The CIDR-collapsing algorithm has enough edge cases that a regression suite is essential before any change. Every algorithmic invariant, parser, and validation rule is covered.
cd sg-tightener/
./install.sh
source .venv/bin/activate
python sg_tightener_test.py
Ran 66 tests in 0.025s
OK
View sg_tightener_test.py on GitHub →
Most organisations spend considerable effort building security controls at the perimeter: WAFs, DDoS protection, identity federation. What receives far less attention is the internal trust model once traffic is past the perimeter. The implicit assumption in most hybrid cloud estates is that the corporate network is trusted, and that assumption is encoded directly into security group rules as broad RFC 1918 CIDR blocks that nobody has revisited since they were written.
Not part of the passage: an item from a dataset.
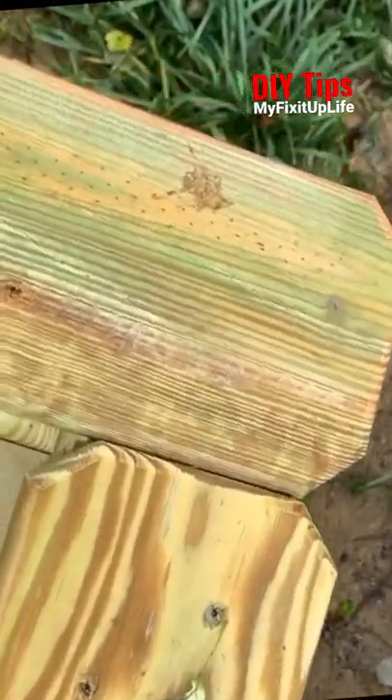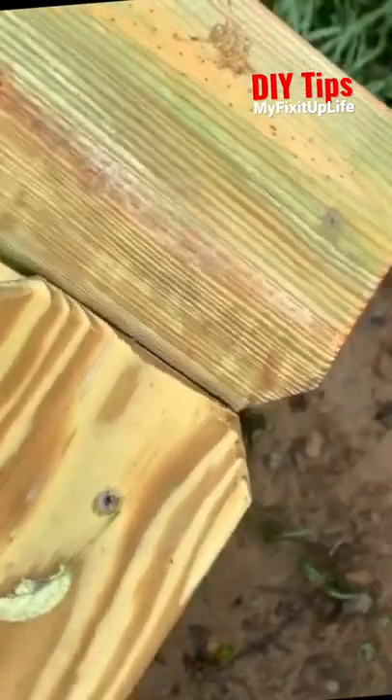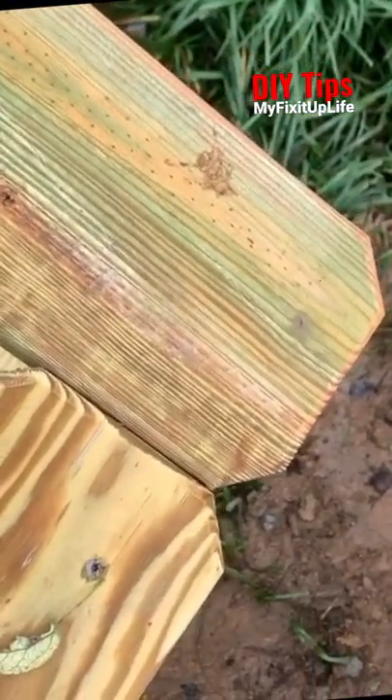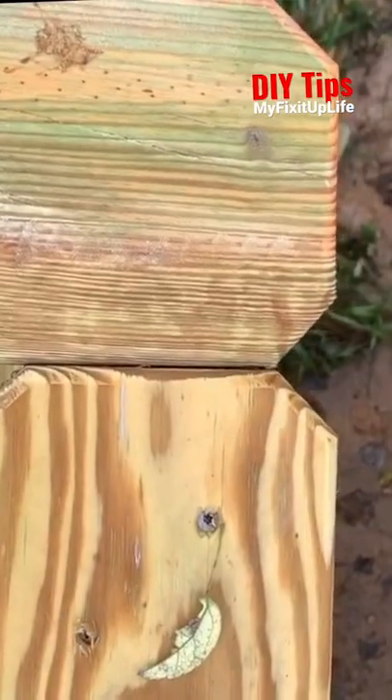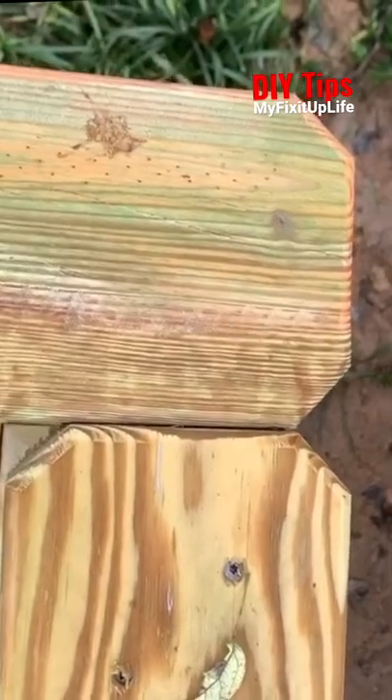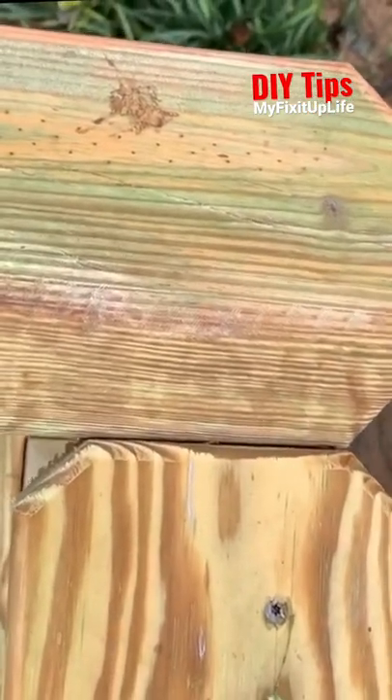A quick tricky deck tip: to avoid miter joints inevitably opening up, I butt join guardrail caps. This is how I do it — the posts are bolted and all that, but I also add a little belt to the suspenders.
Modern threat models assume the corporate network is already compromised, or will be. Ransomware operators routinely move laterally across flat trusted networks before triggering payloads. Compromised build agents are a standard initial-access vector precisely because they sit in trusted ranges with broad permissions into production. The cloud did not eliminate flat networks; it gave many organisations the tools to build more sophisticated ones while quietly replicating the same trust assumptions they always made.
sg-tightener exists because trust should be earned through observed behaviour, not inherited from a datacenter subnet designed fifteen years ago.